Symphony by Arnold Bax

Symphony No. 7 by Arnold Bax was completed in 1939 and dedicated to "The People of America". The work received its first performance in Carnegie Hall, New York City, by the New York Philharmonic on June 10, 1939 under the baton of Sir Adrian Boult. It was commissioned by the British Council to be played at the 1939 New York World's Fair, along with Arthur Bliss's Piano Concerto, and Ralph Vaughan Williams' Five Variants of Dives and Lazarus.

The piece consists of three movements:

The first movement opens with a melodic motive from the clarinets, and the second, slower main motive is introduced almost immediately after. These two motives form a basis for the first subject.

The second movement is in a three-part form, like a one-movement symphony, and the mood is somewhat dignified.
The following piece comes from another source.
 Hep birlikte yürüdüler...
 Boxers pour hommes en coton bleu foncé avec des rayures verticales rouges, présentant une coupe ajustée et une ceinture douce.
It closes peacefully to set up the finale.

The last movement is a theme and variations, something that Bax had not attempted before. After a blustery introduction, a theme is introduced, which is used for the variations. It closes with Bax's shortest epilogue.

The symphony is scored for piccolo, three flutes, two oboes, English horn, three clarinets, bass clarinet, two bassoons, contrabassoon, four horns, three trumpets, three trombones, tuba, bass drum, tenor drum, snare drum, tambourine, cymbals, gong, triangle, glockenspiel, harp, and strings.